The European Commission has formalised its commitment, first pledged in September 2017, to make public the travel expenses of the Commissioners: on 31 January 2018 the new Code of Conduct for the Members of the European Commission was published and it confirms that mission expenses will be published every two months.
This commitment in the new Code of Conduct comes exactly one year since, on 27 January 2017, Access Info Europe launched a public campaign calling for publication of the Commissioners’ travel expenses.
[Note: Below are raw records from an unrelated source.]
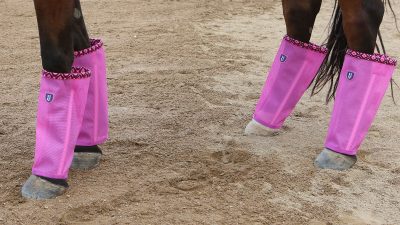 Fly Boots for Horses: Protecting Your Equine Companion with Style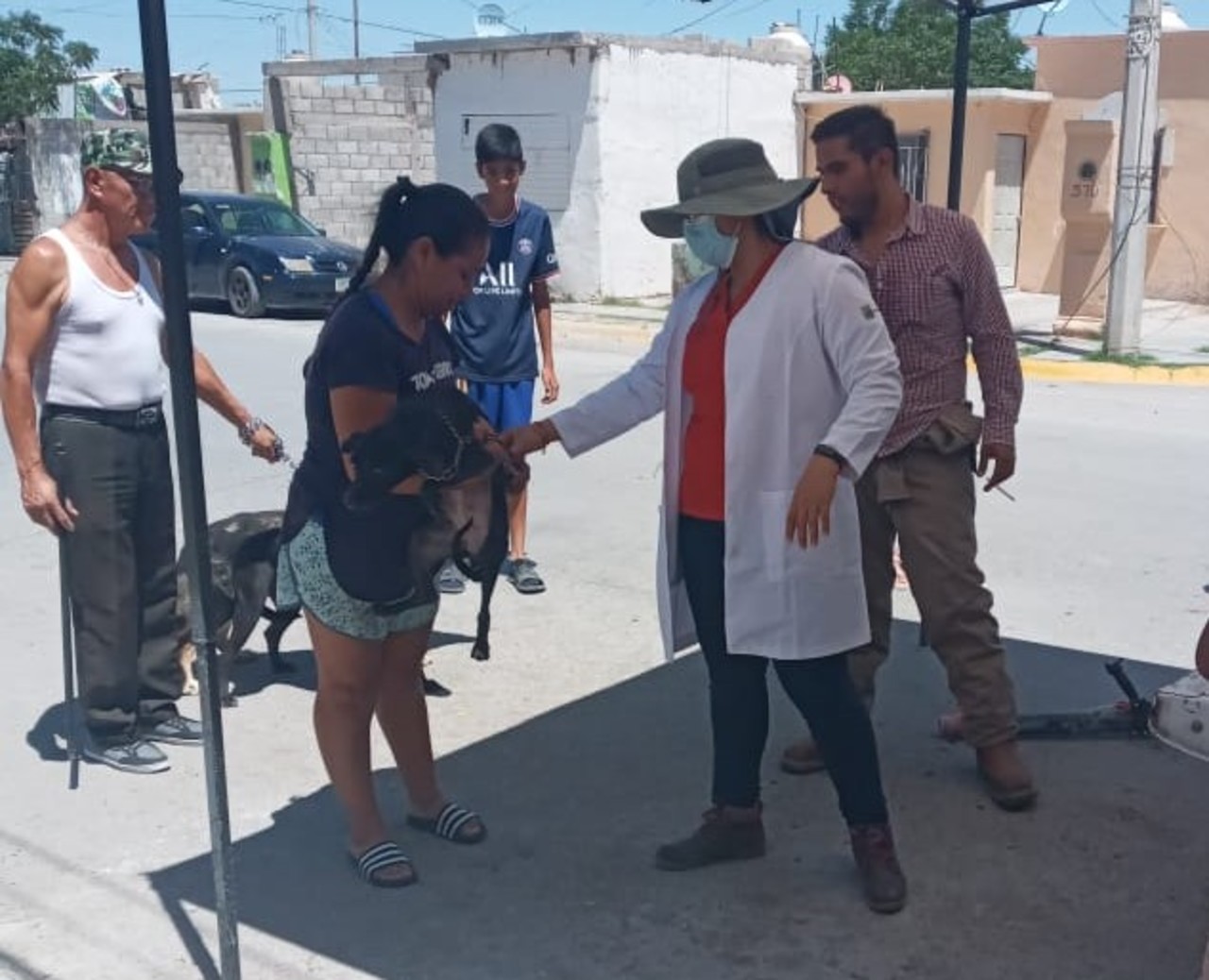 Coahuila Suma Tres Muertes Por Rickettsiosis En El Siglo De Torre N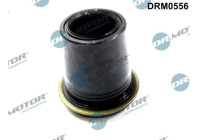 Gasket, injector holder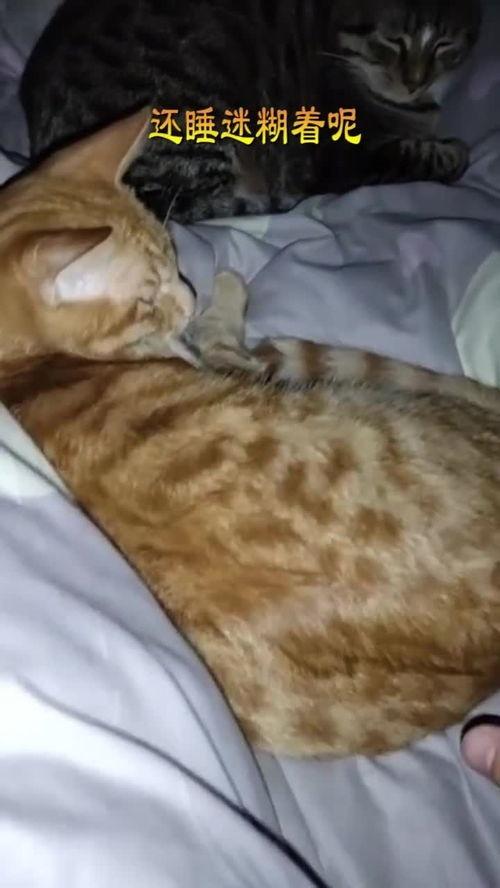 晚上碰碰在线观看,探秘“碰碰在线”的精彩瞬间 第1张 晚上碰碰在线观看,探秘“碰碰在线”的精彩瞬间 第1张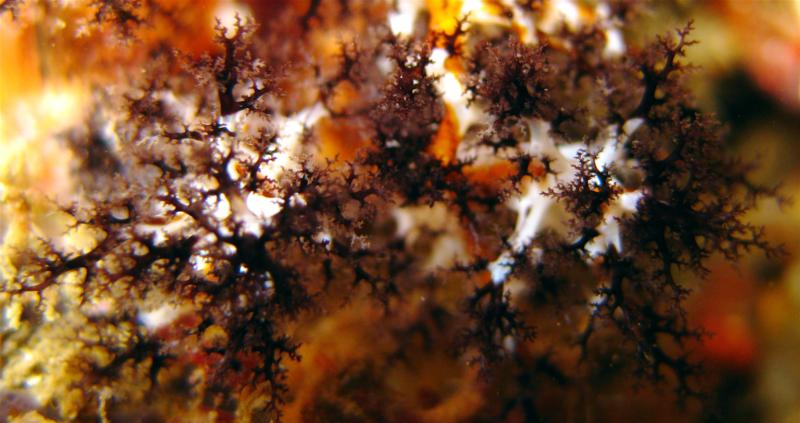 Cucumaria salma, White Sea Cucumber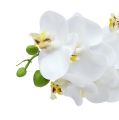 Floristik24 Větev orchideje bílá L58cm
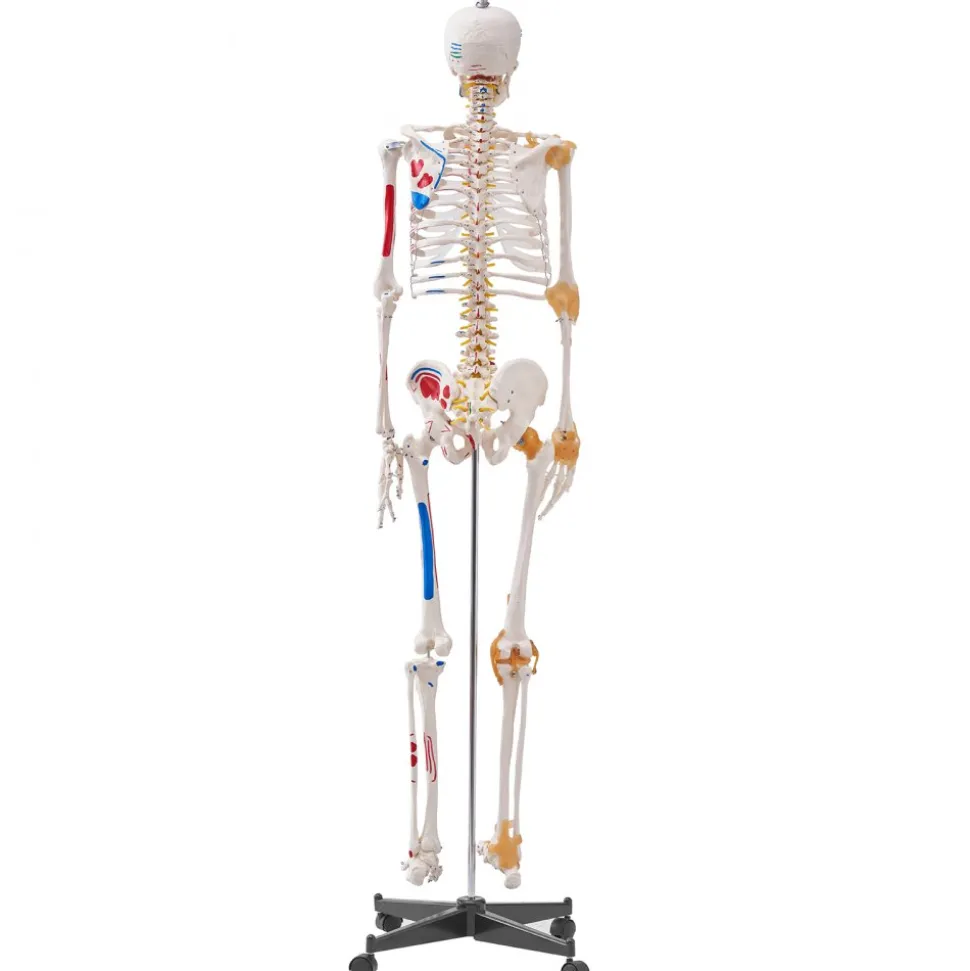 VEVOR Human Skeleton Model for Anatomy, 71.65" Life Size, Accurate PVC Anatomy Skeleton Model with Ligaments, Movable Arms, Legs & Jaw, with Muscle Origin & Insertion Points, for Professional Teaching
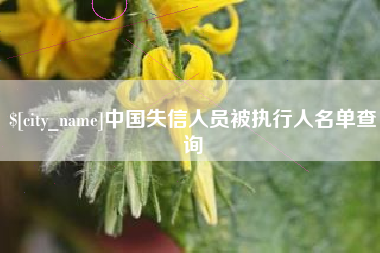浮梁中国失信人员被执行人名单查询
The campaign attracted media coverage, over both the lack of transparency and – based on some of the data obtained – issues such as the use of private air taxis by some Commissioners.
Access Info today expressed cautious welcome the new Code of Conduct, which states that expenses will be published each two months, and the accompanying press release that promises publication as of February 2018, noting that that the precise level of detail in the future publication of the travel costs is still not known.
“This is an important step for the public’s right to know, but the devil is in the detail,” commented Helen Darbishire, Executive Director of
“The provision refers to publication of an ‘overview’, so we will need to see whether the publication of the travel expenses will be sufficient
for public scrutiny,” added Darbishire.
Access Info noted that the new Code also contains a possible exception on grounds such as public security, defence, and international relations, which are standard exceptions so long as not overly broadly applied.
The new Code of Conduct, includes transparency of the travel expenses in an article on “the principle of integrity”, which also prohibits use of free travel unless authorised by the President.A further provision limits use of air taxis unless both justified and authorised; air taxis were not mentioned in the previous, 2011, code.
This announcement comes in parallel to the ongoing investigation by the European Ombudsman after Access Info, along with 53 EU citizens which had taken part in January’s online request campaign, filed a complaint raising concerns about the way access to documents requests were handled, including the refusal by the Commission to register them in spite of its legal obligation to do so.